→ **TASK BRIEF**:
An exact copy of the lines of the listing below between the "Overhead view of" line and the "fiorentines with red currant and whipped cream phyllo" line, both included, is the whole answer; please omit the pictures.

→ **STUDY MATERIAL**:
* * * * *

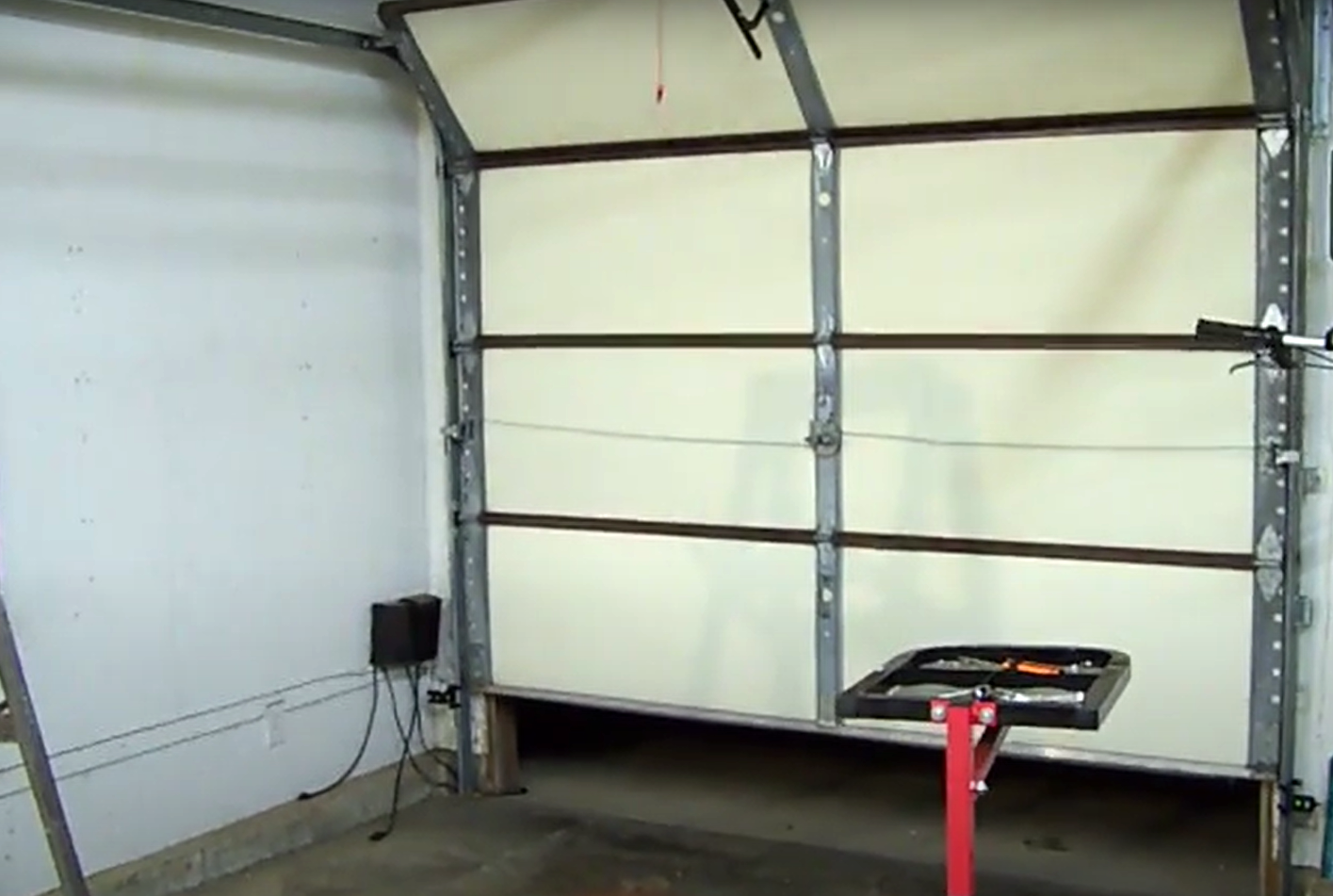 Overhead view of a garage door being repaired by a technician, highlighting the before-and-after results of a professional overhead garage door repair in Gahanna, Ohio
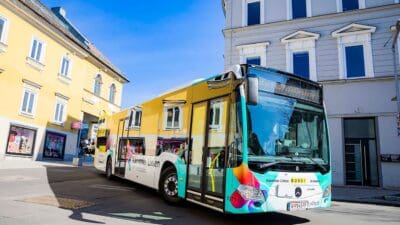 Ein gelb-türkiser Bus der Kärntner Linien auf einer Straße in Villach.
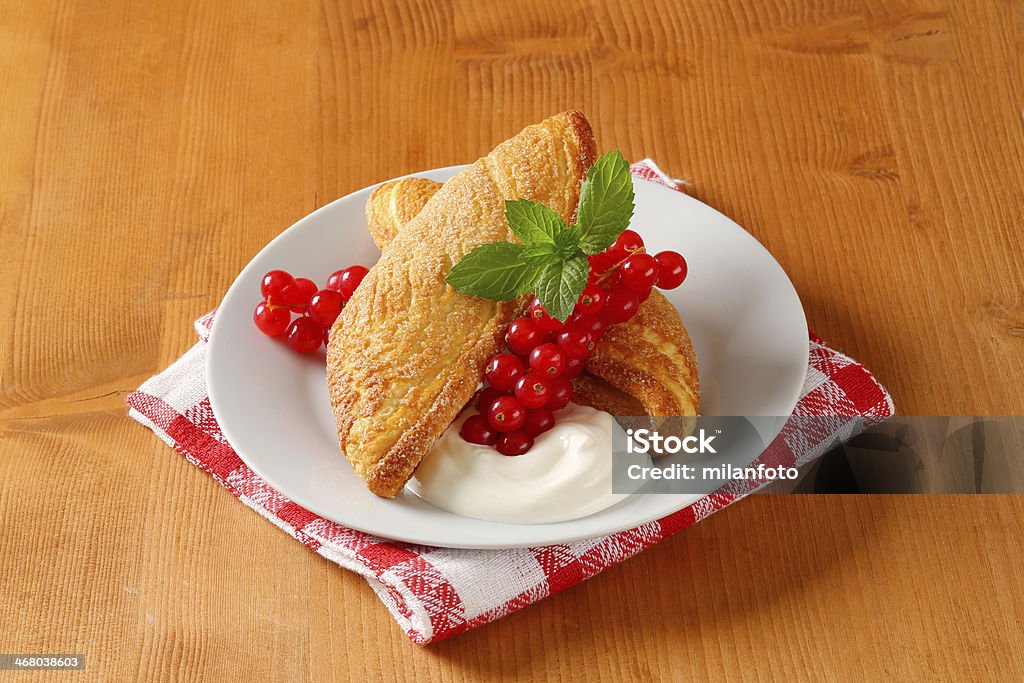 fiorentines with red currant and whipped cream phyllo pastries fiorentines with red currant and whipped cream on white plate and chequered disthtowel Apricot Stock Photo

* * * * *

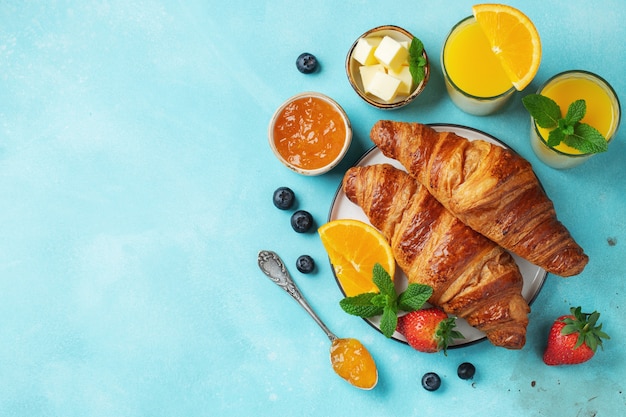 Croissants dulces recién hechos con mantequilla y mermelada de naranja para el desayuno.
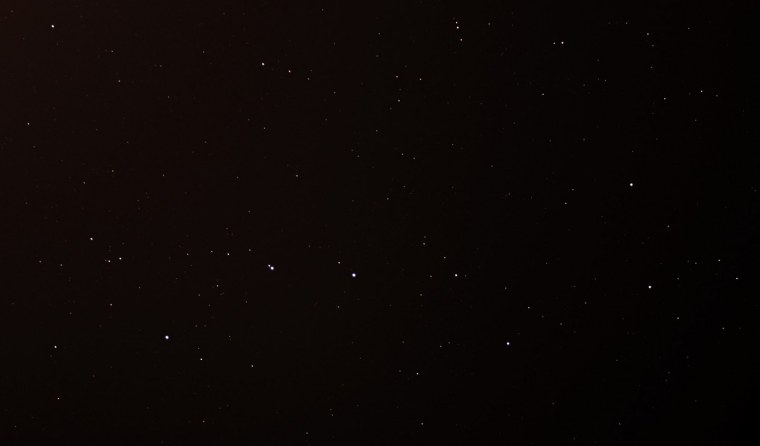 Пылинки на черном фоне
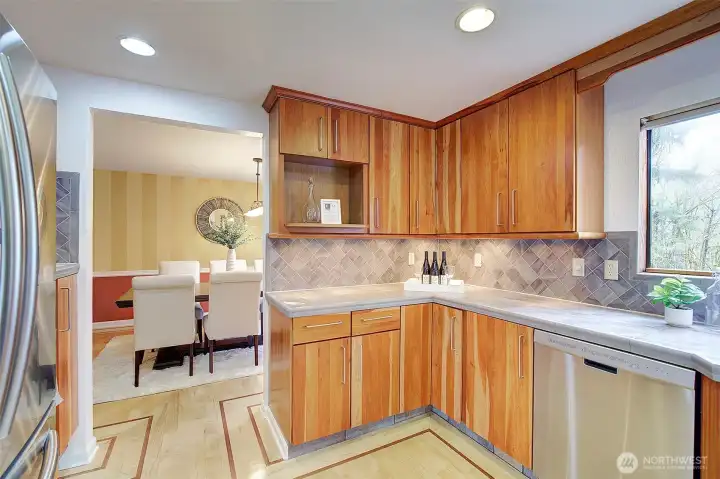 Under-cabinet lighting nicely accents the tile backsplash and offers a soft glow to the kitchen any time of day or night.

* * * * *

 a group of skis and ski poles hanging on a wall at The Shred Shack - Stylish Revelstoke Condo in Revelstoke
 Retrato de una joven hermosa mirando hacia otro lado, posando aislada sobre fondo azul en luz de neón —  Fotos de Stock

* * * * *

→ **YOUR RESPONSE**:
 Overhead view of a garage door being repaired by a technician, highlighting the before-and-after results of a professional overhead garage door repair in Gahanna, Ohio
 Ein gelb-türkiser Bus der Kärntner Linien auf einer Straße in Villach.
 fiorentines with red currant and whipped cream phyllo pastries fiorentines with red currant and whipped cream on white plate and chequered disthtowel Apricot Stock Photo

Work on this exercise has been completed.